## Extracted information
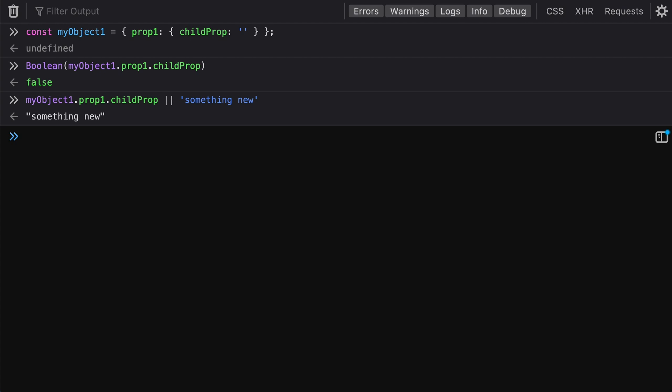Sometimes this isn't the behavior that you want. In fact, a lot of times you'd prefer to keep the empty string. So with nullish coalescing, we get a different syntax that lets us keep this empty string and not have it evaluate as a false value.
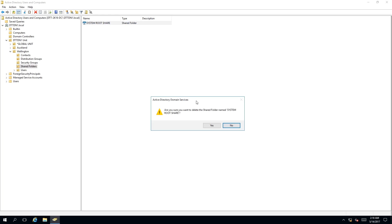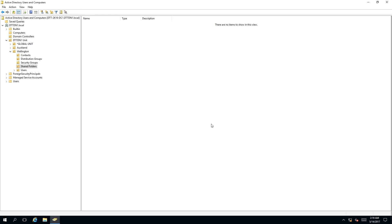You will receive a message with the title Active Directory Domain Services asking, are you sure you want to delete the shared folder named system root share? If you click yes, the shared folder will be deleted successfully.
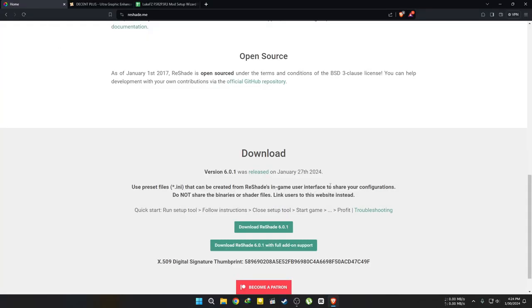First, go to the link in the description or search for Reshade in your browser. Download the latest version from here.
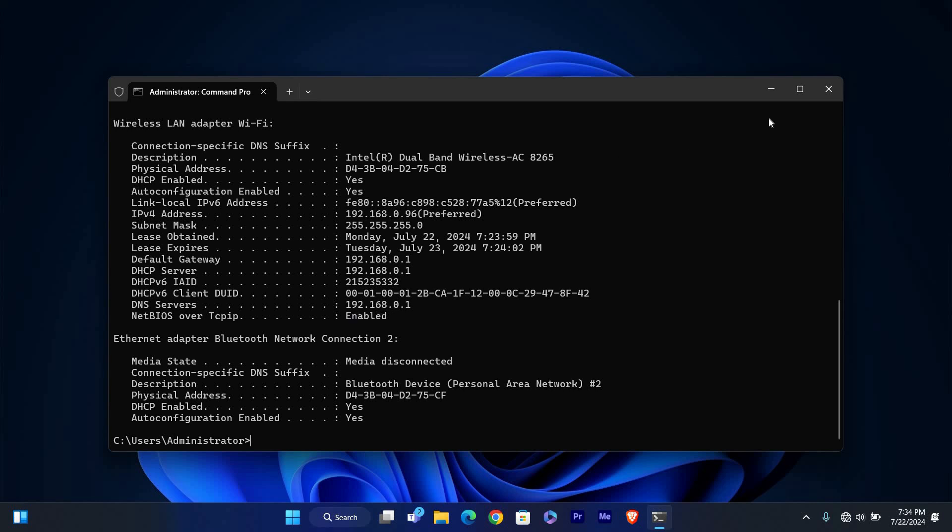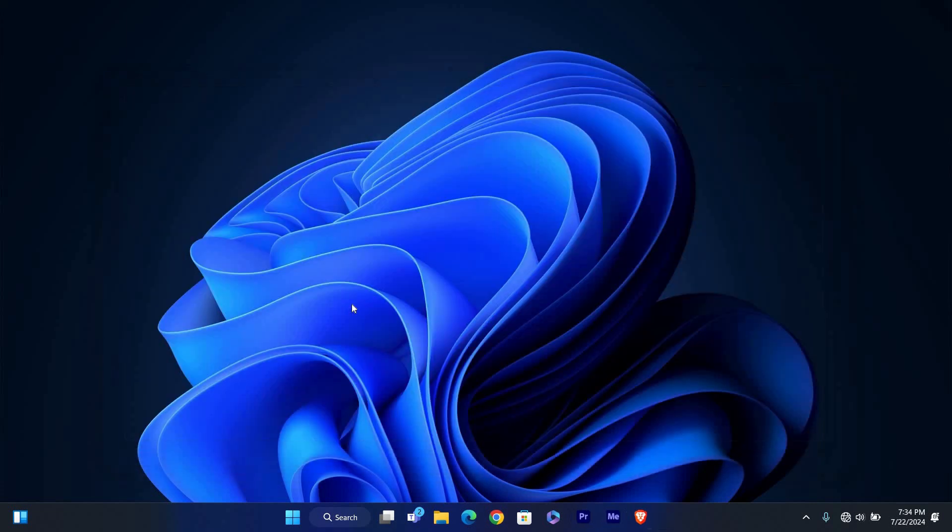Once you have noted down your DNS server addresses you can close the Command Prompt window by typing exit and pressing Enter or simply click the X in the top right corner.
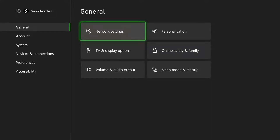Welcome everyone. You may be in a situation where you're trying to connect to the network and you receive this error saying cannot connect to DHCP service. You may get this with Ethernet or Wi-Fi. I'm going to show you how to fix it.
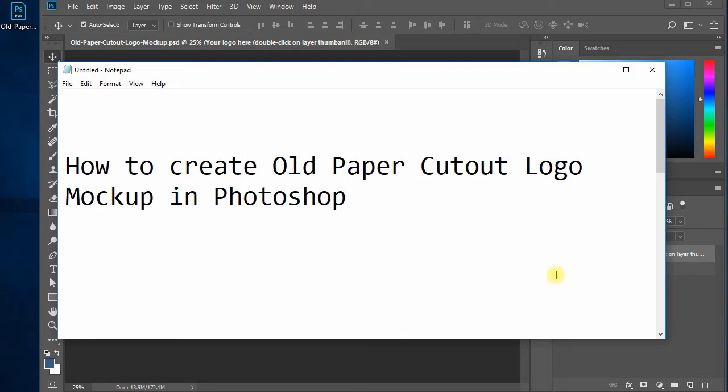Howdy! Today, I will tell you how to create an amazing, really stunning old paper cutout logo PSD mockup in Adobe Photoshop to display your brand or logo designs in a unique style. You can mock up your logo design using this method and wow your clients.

---

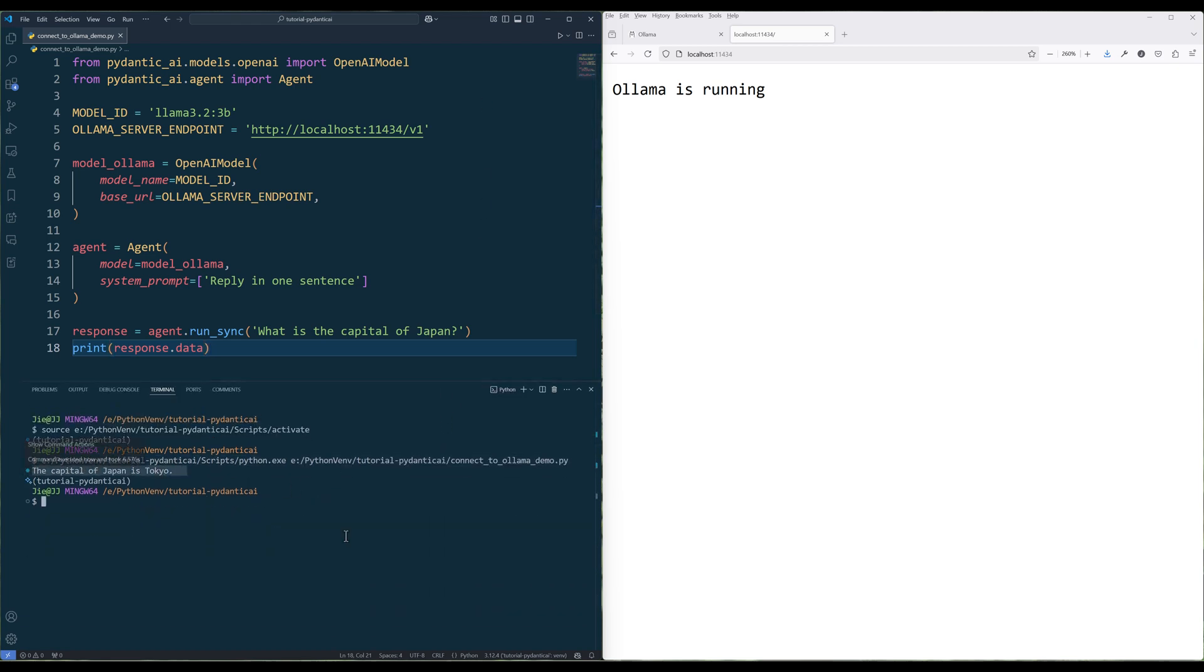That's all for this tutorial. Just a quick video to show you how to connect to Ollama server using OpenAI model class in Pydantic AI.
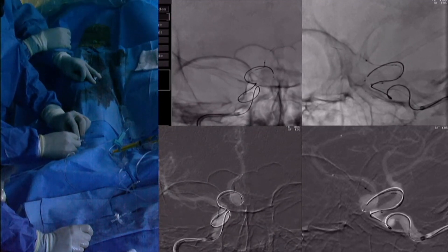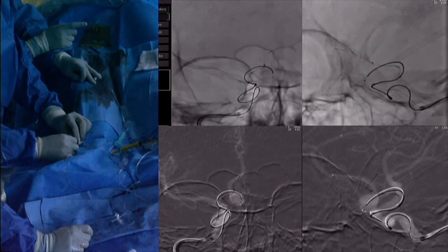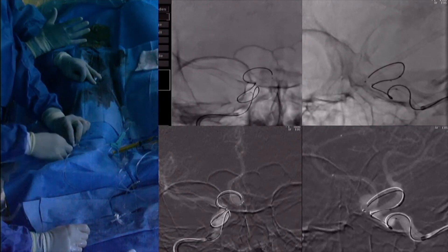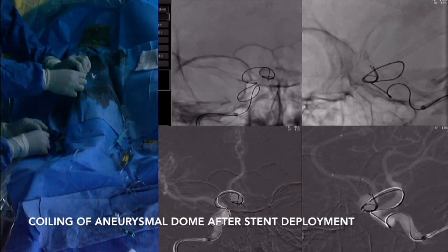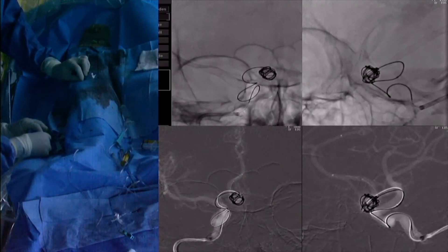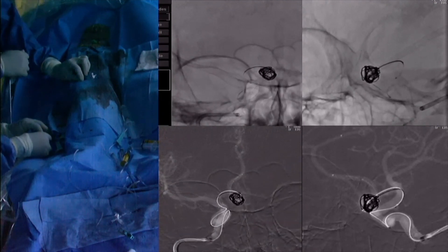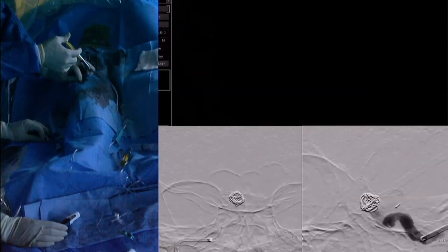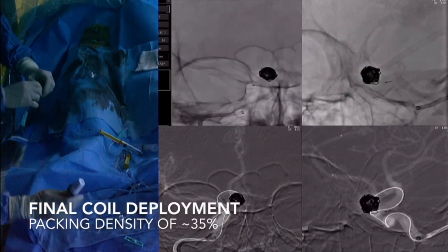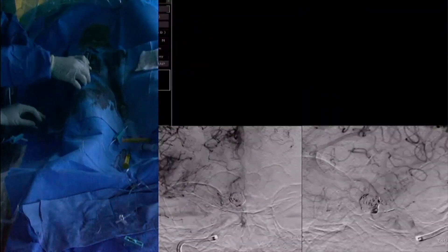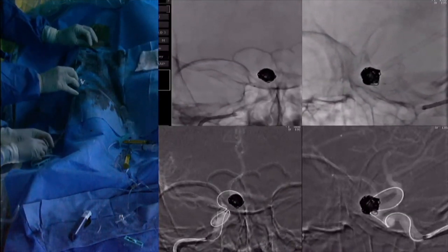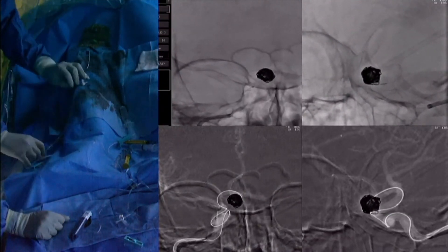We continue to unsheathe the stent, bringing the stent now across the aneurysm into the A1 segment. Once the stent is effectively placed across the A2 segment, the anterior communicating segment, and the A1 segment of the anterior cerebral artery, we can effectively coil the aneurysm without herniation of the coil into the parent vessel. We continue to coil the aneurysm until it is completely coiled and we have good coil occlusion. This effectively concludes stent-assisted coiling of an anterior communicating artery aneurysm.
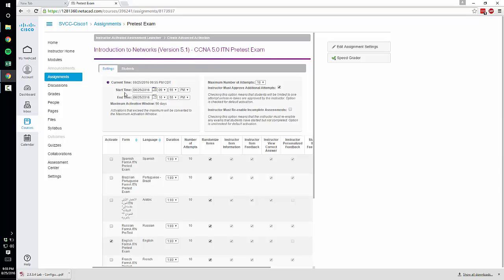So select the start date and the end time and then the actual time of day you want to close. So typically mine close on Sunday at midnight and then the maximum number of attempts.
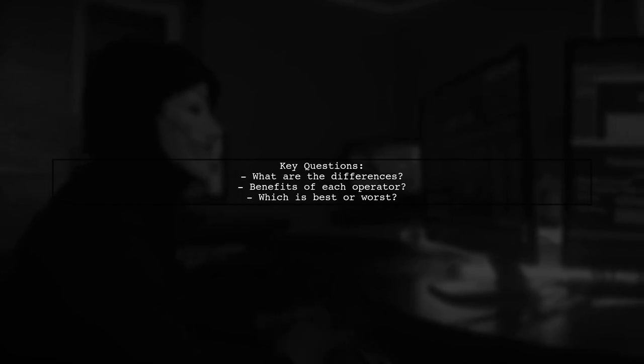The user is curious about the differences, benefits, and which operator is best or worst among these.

## Aim of the exercise
With the pictures left out, write out exactly the lines above from the one containing "Welcome everyone. You" through the one containing "Howdy! Today, I".

## Answer to the problem
Welcome everyone. You may be in a situation where you're trying to connect to the network and you receive this error saying cannot connect to DHCP service. You may get this with Ethernet or Wi-Fi. I'm going to show you how to fix it.
Howdy! Today, I will tell you how to create an amazing, really stunning old paper cutout logo PSD mockup in Adobe Photoshop to display your brand or logo designs in a unique style. You can mock up your logo design using this method and wow your clients.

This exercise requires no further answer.